There's a reason why so many industrial and manufacturing companies resort to almost any means (some of them not entirely legal) to dissuade employees from joining a labor union. Besides having to offer higher wages and improved benefits (and giving employees a voice in how they're treated by management), they are required to provide a safe work environment. The union's on-site safety committee will demand it.
While no company wants to see its employees maimed or killed, it goes without saying that every company is interested in saving money. After all, with the bottom-line being what it's all about, most companies are hyper-aware that safety programs cost money. Money for structural integrity, money for regular maintenance, money for machine guards, money for ergonomics, money for training.
The collapse of the building in Savar, Bangladesh, a suburb of Dhaka, on April 24, which killed hundreds of textile workers (the exact number is still to be determined), is tragic testimony to that fact. While one's first impulse is to write off those Bangladeshi mills as Third World hell-holes--low wages, teenage workers (mainly girls), long hours, deplorable conditions--it should be noted that they're probably no worse than American textile mills of a century ago.
It's true. American mills of the late 19th and early 20th century were horrendously grim enterprises, cramped, poorly lighted industrial dungeons, something straight out of a Dickens' novel.
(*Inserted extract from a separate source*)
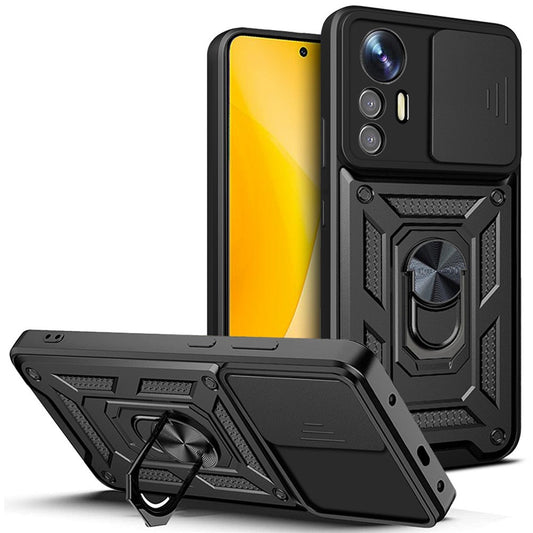 Xiaomi 12 Lite 5G Handyhülle – Slide-Kamera-Schutz-, Ständer, PC + TPU-Hybrid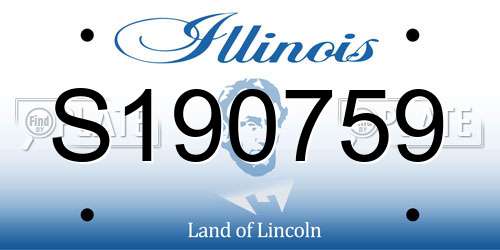 S190759 Illinois License Plate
Of course, today's factories (at least the ones that haven't been shipped overseas) are bright, clean and relatively safe. So what happened? What caused those New England textile mills of a century ago to improve themselves?
Does credit go to our politicians? Was these improvements the result of changes in state and federal laws? Or was it the Church who, having seen enough degradation, finally chose to intervene? Or perhaps it was an outcry from the general public, demanding that workers (even young immigrant women) be treated humanely? Answer: None of the above. It was the rise of the American labor movement that made it possible.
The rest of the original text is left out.